**Task item:** Return verbatim the lines that run from the one holding "1280 - 19thC" to the end of the listing, both ends included, without the pictures.

**Data provided:**

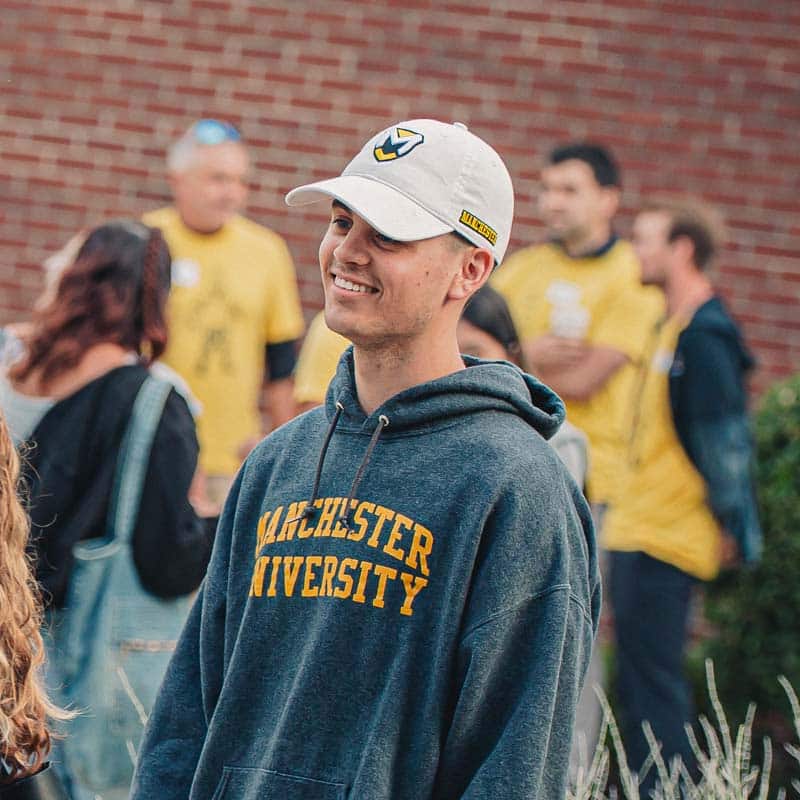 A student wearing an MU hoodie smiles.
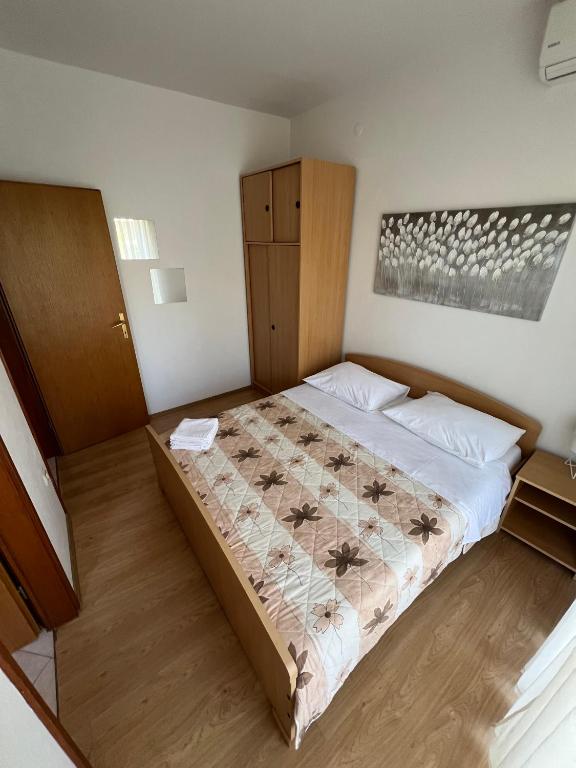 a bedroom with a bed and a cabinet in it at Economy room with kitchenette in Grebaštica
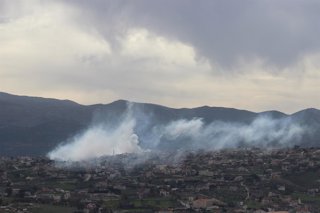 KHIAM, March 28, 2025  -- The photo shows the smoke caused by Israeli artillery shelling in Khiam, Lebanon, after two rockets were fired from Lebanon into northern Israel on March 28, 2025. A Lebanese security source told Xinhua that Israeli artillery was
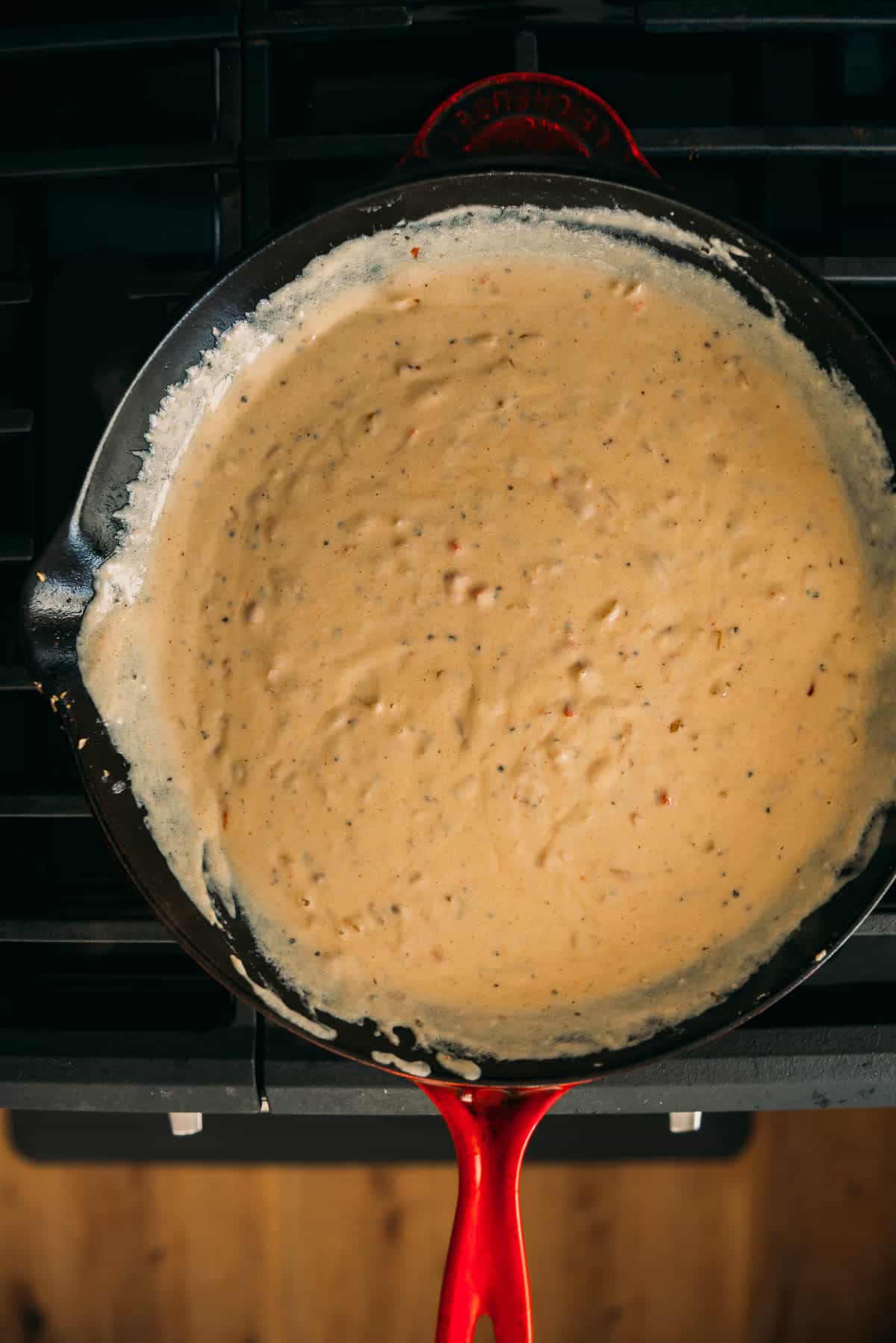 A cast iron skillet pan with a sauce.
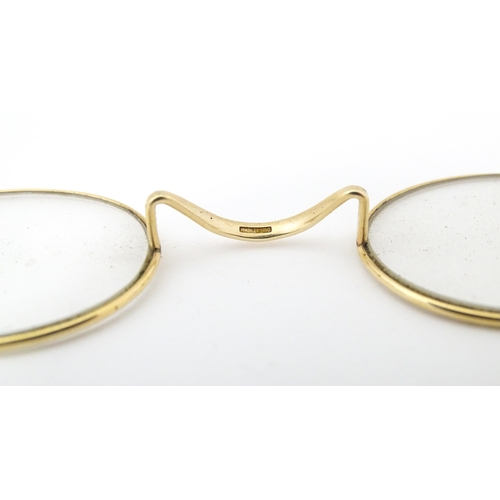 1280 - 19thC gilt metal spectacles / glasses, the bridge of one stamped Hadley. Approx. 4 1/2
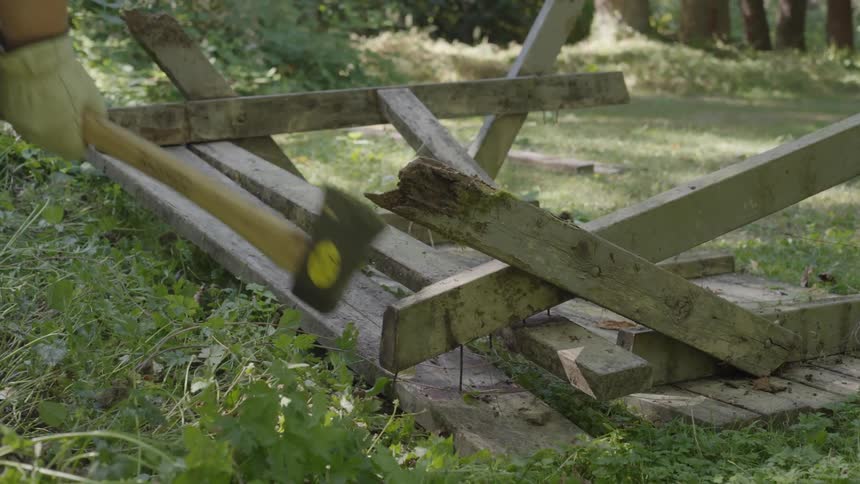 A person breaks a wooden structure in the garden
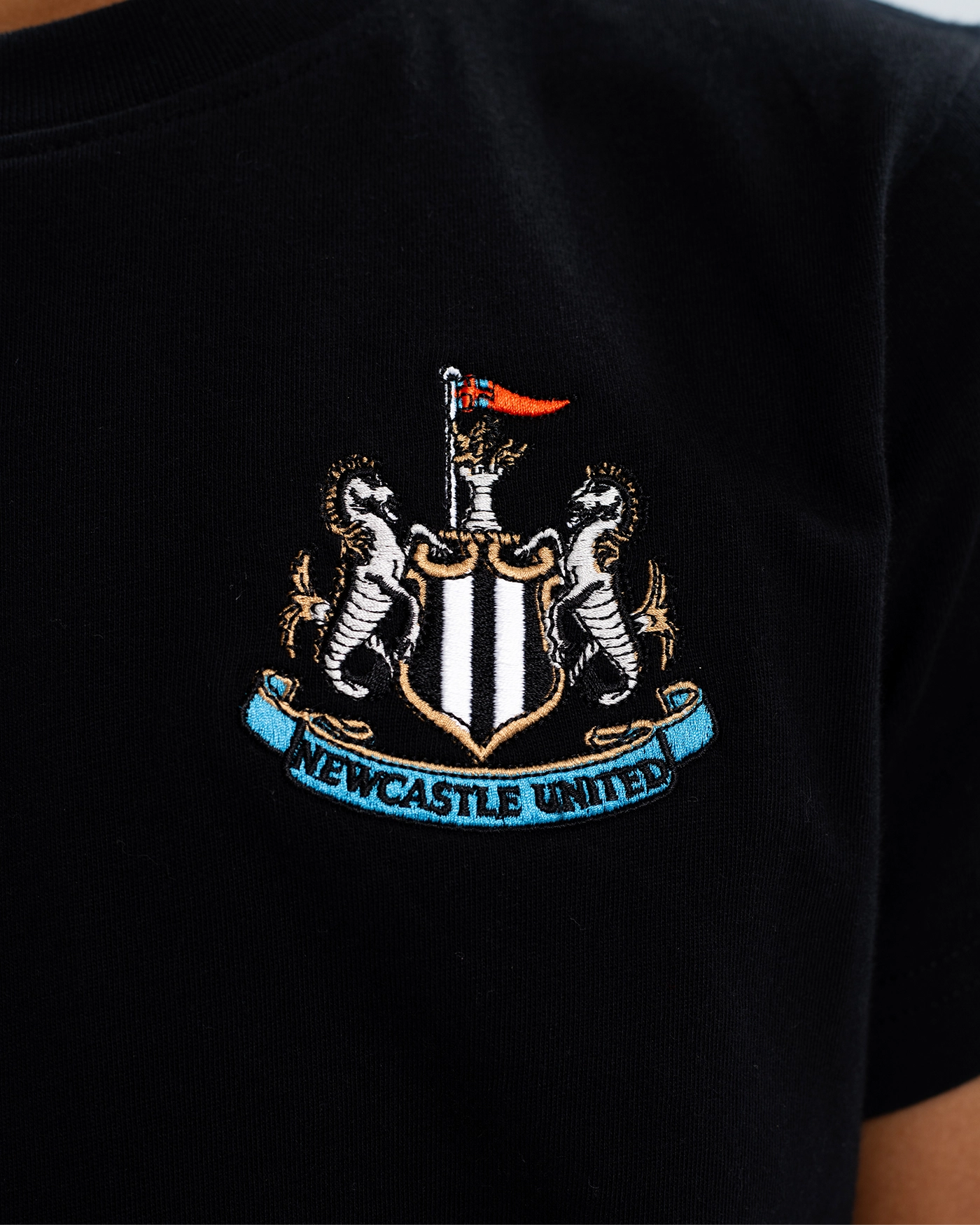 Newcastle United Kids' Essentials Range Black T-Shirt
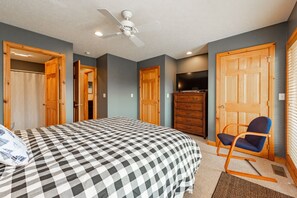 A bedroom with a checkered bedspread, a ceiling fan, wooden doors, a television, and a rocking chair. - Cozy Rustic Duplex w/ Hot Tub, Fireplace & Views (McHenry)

**Result of the task:**
 1280 - 19thC gilt metal spectacles / glasses, the bridge of one stamped Hadley. Approx. 4 1/2
 A person breaks a wooden structure in the garden
 Newcastle United Kids' Essentials Range Black T-Shirt
 A bedroom with a checkered bedspread, a ceiling fan, wooden doors, a television, and a rocking chair. - Cozy Rustic Duplex w/ Hot Tub, Fireplace & Views (McHenry)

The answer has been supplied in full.